Bk, I just couldn't bear to listen to the commentary so I never have...for the very reason you state. The director from the first day of pre-production started taking credit for everything. Forget that both the producer and I and the original director spent four years of our life on it before he ever came aboard. If you listen to him, you'd think he taught the actors how to act, fed the crew, built the sets, designed everything, took the tickets at the box-office. He is a vicious, venal, vile, virtuperative little blowhard of a human being (and I use the word "human Being" in its minimal, basest biological sense), IMHO, who if he couldn't take credit for everyone else's talent would try to diminish it. Not an ounce of poetry in his soul and a thoroughly nasty piece of work. I have never seen a cast and crew so united in their antipathy for a director before. But he is merely a man who cannot rise above his mediocrity.

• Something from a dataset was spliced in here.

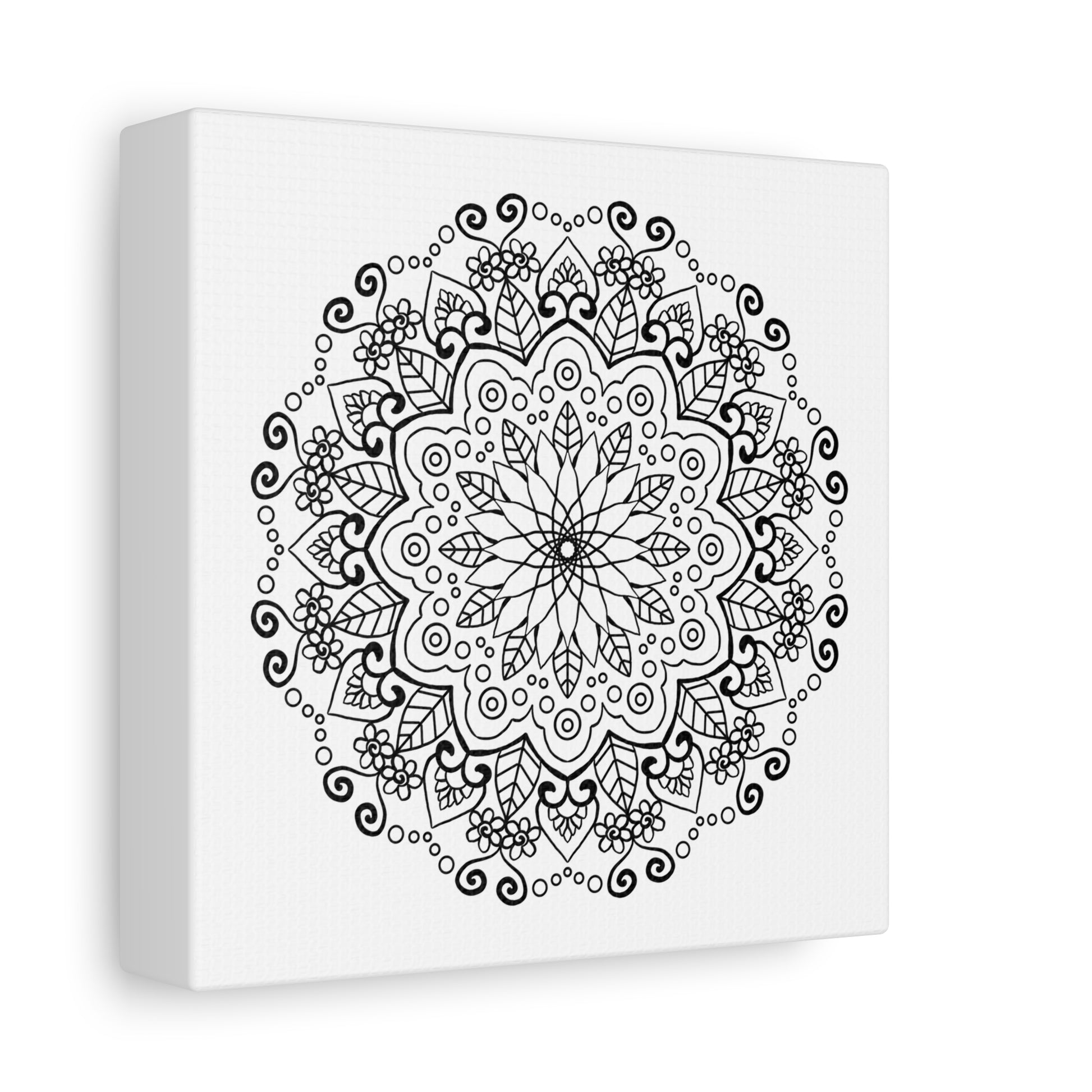 Handmade Mandala Art - Black & White Wall Art - Matte Canvas, Stretched, 125 - Intricately designed monochromatic mandala artwork on stretched matte canvas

The producer who actually had knew what she had is really at fault. She abandoned her passion and power to capitulate to the director's petty ego and descend to his mediocrity. She told me once in Bratislava at dinner, "Rob pisses around on your script because he is jealous of your talent and he is afraid of you." Which was true, but when I asked her very sensibly then why did she allow him to piss around on the script (at one time she told him, he'd "butchered" it), she said: "It's the process." One needs a producer who knows the difference between collaboration and compromise and keep firm in the fray and not become the Queen of Capitulation.
The worst cast member...almost despised as much as the director was the actress playing the girl...so many of her scenes (and more important, Dennis' good scenes) got cut because of her performance. Dennis was a hard-working trouper and a consummate professional. Can't say enough good about him. Pete Posthlethwaite, Jason Isaacs, and David Thewlis were all great, but hampered by such bad direction. The funniest breakfast I've ever had was with Pete and David bitching about the director. Thewlis said, "I feel like I'm shouting all the time." Pete's comment about the director was: :"Just figure out where to put the camera, mate, and let us do the thinking."
I have avoided the commentary because I knew it would be a pack of lies. The reason there is only ten seconds of me is because they were desperately trying to muzzle me. I wasn't even going to be included until I raised a stink to the WGA. They filmed an hour's interview with me of which you get just that one clip.
Worst things about the movie are all the nuances are gone, the connective tissue, emotional subtlety, and what one critic called "the plough-horse direction". No poetry of soul, no delicacy. Oh, and, of course, the pigs scene. This was an inspiration of the director's he thought it would be funny if a village of starving peasants was full of pigs, despite the fact that once the villagers think the dragon is dead they rush it saying "Meat, Meat, Meat." We all told him it made no sense, but he's the type of person that rather than admit he's wrong would entrench more adamantly into his position. He thought we were trying to make him look stupid, we kept saying: "No we're trying to make you look smart!" One astute reviewer noticed this glaring inconsistency of idiocy. I write about what went wrong with this and other things in my forward of the published screenplay (which has no pigs in it). But this idiotic gap of logic that everone let slide rather than force the director to get rid of it tells the tale of DRAGONHEART. Let's knowingly do something that's wrong rather than put of with the aggravation of reining in a childish, egomaniacal direction.
One last story. One day the producer was commenting on how much she like the storyboard artist's work. The director, full of umbrage, immediately piped up: "But I told her what to draw!"
Ugh! Bad Karma! Oh, now you made me dredge all this shit up again. I need an acid reducer.